Model Tuning and Statistical Analysis

We want to conduct a more extensive exploration of model performance. This would involve testing and fine-tuning our grading mechanism, developing a better public accessibility score. In particular, we want to cover more topics and subtopics, such as the company’s stipulated court of legal jurisdiction, and encryption. We simply did not have enough time or bandwidth to devise a grading mechanism for these topics. We also would explore giving users the option to adjust their scores if they mark themselves as being within the jurisdiction of GDPR or CCPA.

Considering that we mostly used frequency based models, we want to explore models that utilize a greater degree of language contextualization. Full-document sequence models for initial subtopic labelling could also work, but we didn’t have the time or data for it. However, this could be achievable with more training data. It also would be interesting to assess whether the contextualized model performance between two strategies: training on entire text paragraphs, or by single sentences.

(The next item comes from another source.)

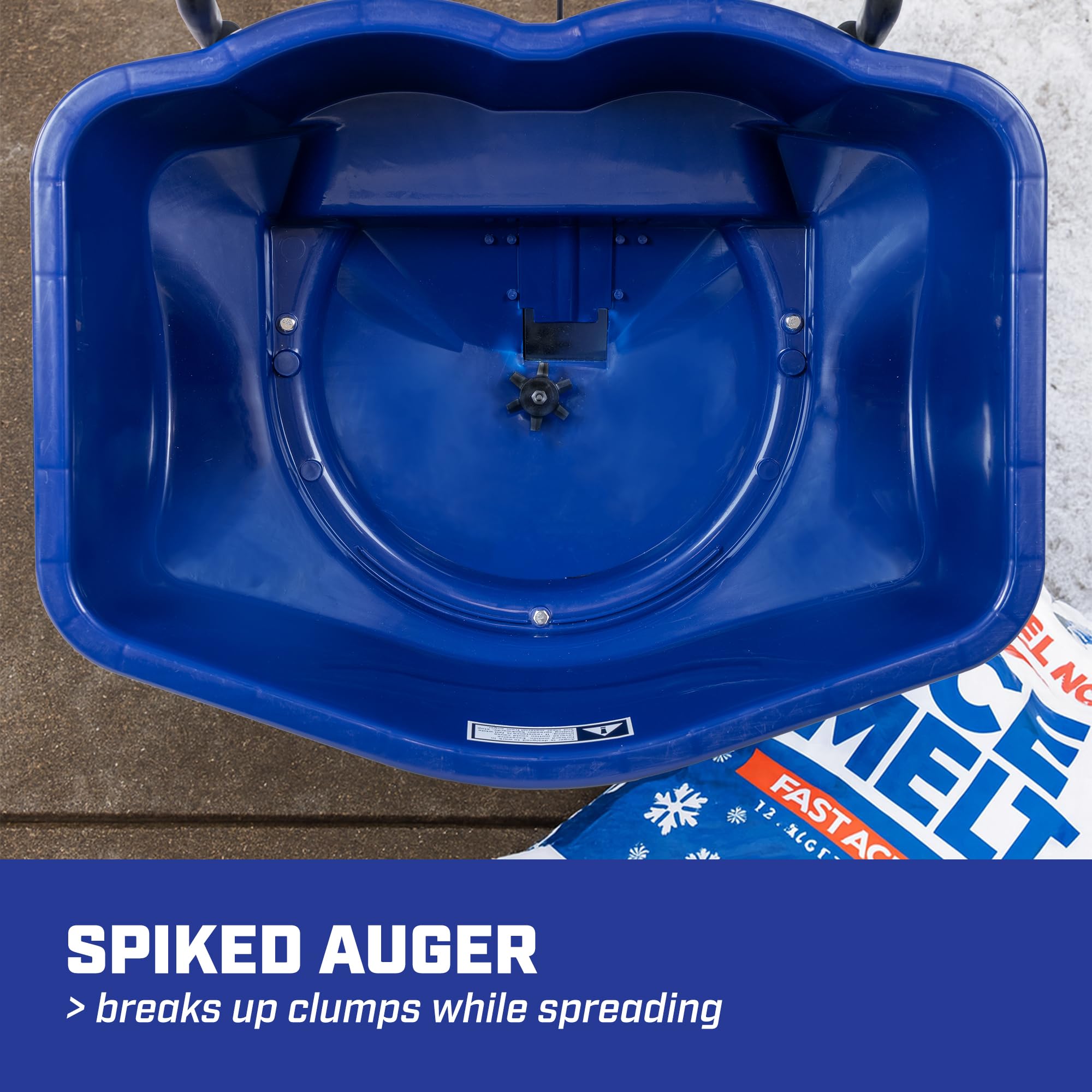 Chapin 88200A Spreader, Salt, Ice Melt, All Season, SaltPro, Walk Behind, Spiked Auger, Adjustable Baffles, 12" Tires, Coated Steel Frame, Enclosed Gears, Weather-Resistant, Rain Cover, 80Lbs - Image 6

We want to improve the web scraper to assess new terms & conditions whenever you’re online and the Terms and Conditions box (ie the prompt with “I agree”) pop ups. We want to implement local caching of agreements so that we don’t have to ping the server for sites the user regularly frequents. Additionally, we want to incorporate more caching on the user side (for model scores and website metadata) to similarly decrease server pings. For future model training, we would want to store text bodies in a long term database.

Usability Research

Having launched our minimum viable product, an immediate future work priority is usability research. One can conduct usability tests actively, such as facilitating a product test over zoom. Alternatively, a passive approach can involve devising a pre- and post-test survey, written test instructions, perhaps recording a user’s engagement with the product, and finally a set of written instructions and approaches. The former offers more controlled insights, but also risks the introduction of facilitation bias. That is to say, having a person guide you through the test doesn’t accurately reflect the end-user reality, who will likely use our product when they are by themselves. User behaviors are influenced by their environments. The latter can be more easily scaled using platforms such as MechanicalTurk or UserTesting. Ideally, we would use a mixture of both methods and report the results of both.